- [WORK REQUIRED] Please restate word for word the lines of the entries below from the one with "Τι θα γίνει" to the one with "Vierge à l'enfant", inclusive, and leave out every picture.

- [PROVIDED RECORDS]
________________________________________
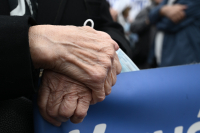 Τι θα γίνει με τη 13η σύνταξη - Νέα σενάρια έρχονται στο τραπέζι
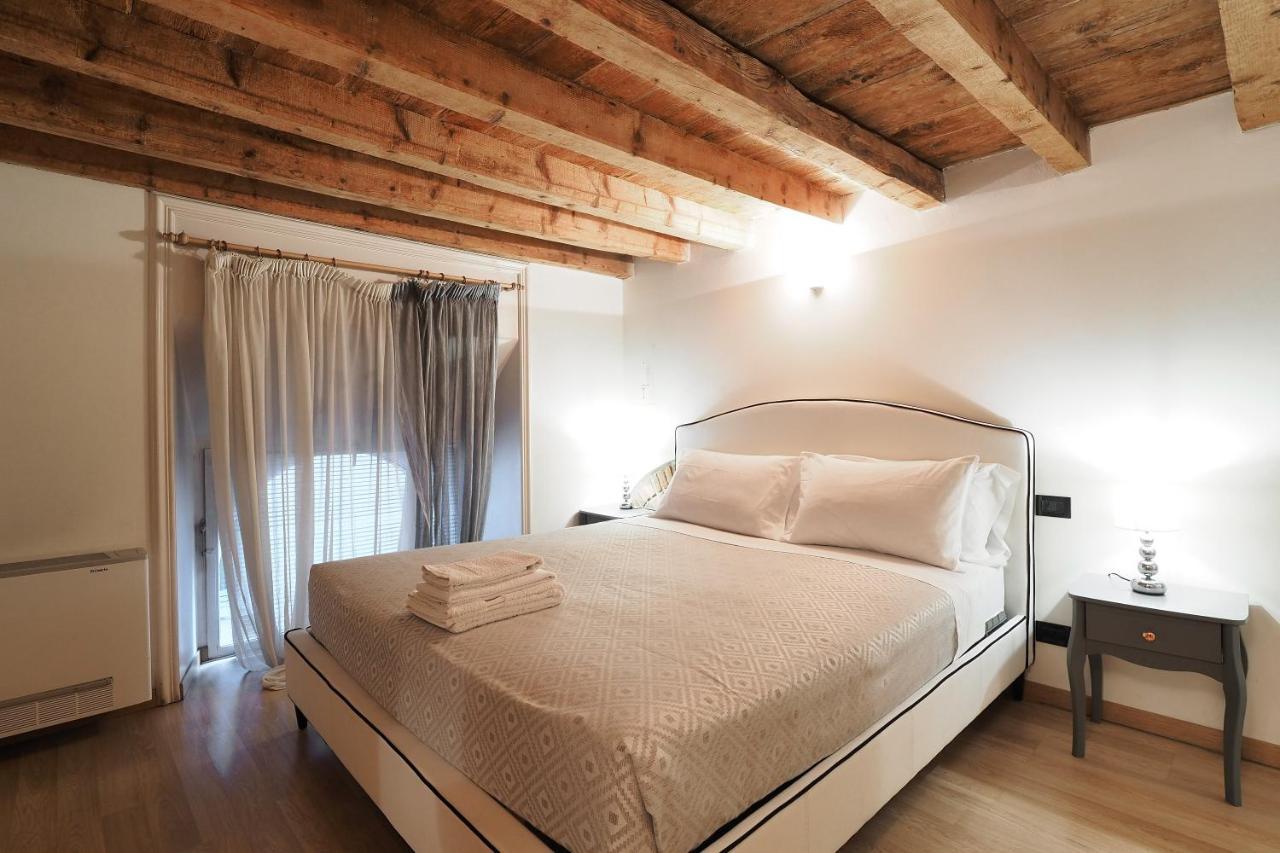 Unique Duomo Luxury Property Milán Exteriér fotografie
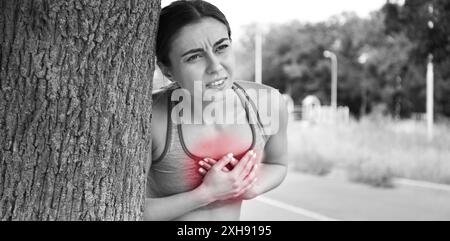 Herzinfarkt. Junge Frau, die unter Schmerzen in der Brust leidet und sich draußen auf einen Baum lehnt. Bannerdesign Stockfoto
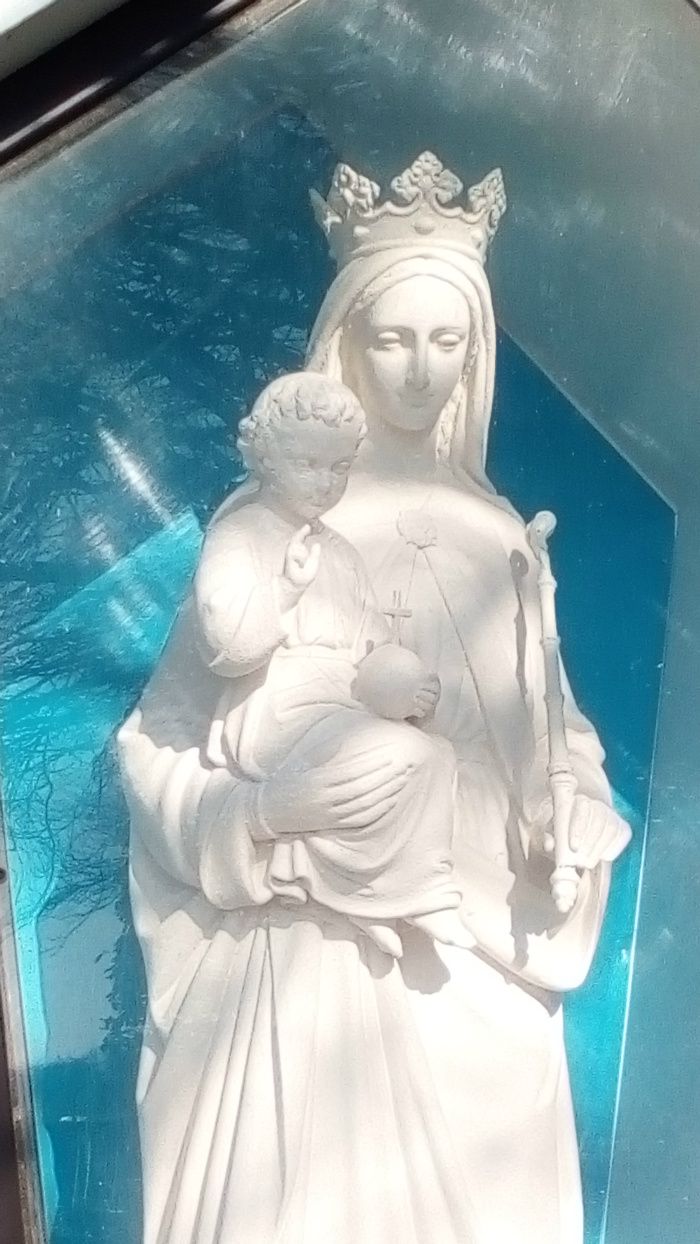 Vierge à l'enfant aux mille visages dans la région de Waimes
________________________________________
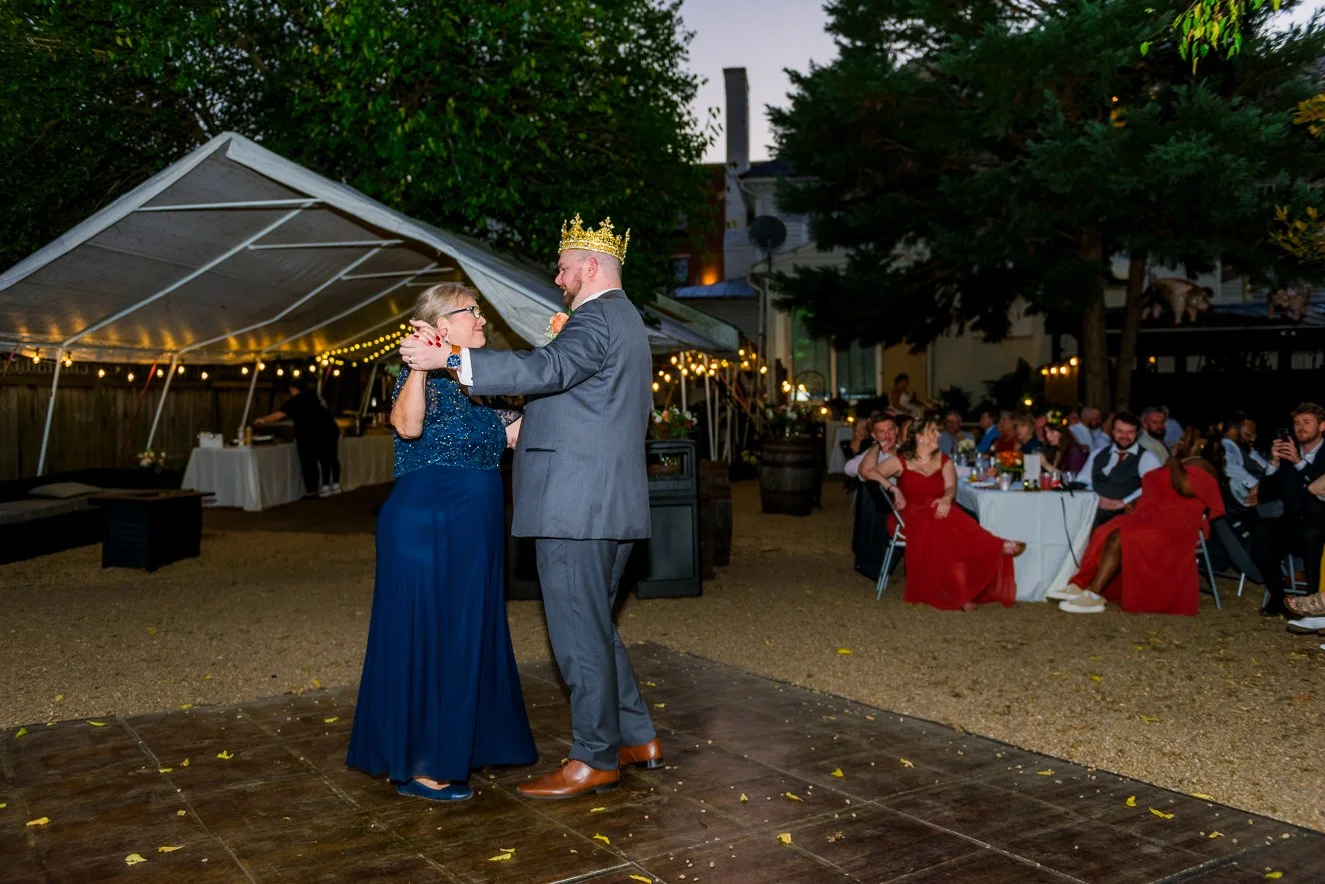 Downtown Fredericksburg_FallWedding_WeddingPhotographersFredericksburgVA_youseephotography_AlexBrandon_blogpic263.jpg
________________________________________
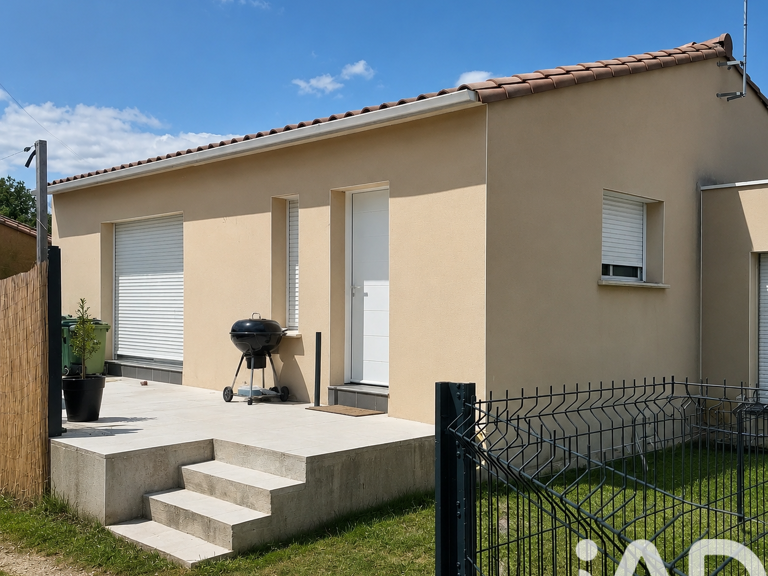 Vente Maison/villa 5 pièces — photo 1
________________________________________
- [REPLY]
 Τι θα γίνει με τη 13η σύνταξη - Νέα σενάρια έρχονται στο τραπέζι
 Unique Duomo Luxury Property Milán Exteriér fotografie
 Herzinfarkt. Junge Frau, die unter Schmerzen in der Brust leidet und sich draußen auf einen Baum lehnt. Bannerdesign Stockfoto
 Vierge à l'enfant aux mille visages dans la région de Waimes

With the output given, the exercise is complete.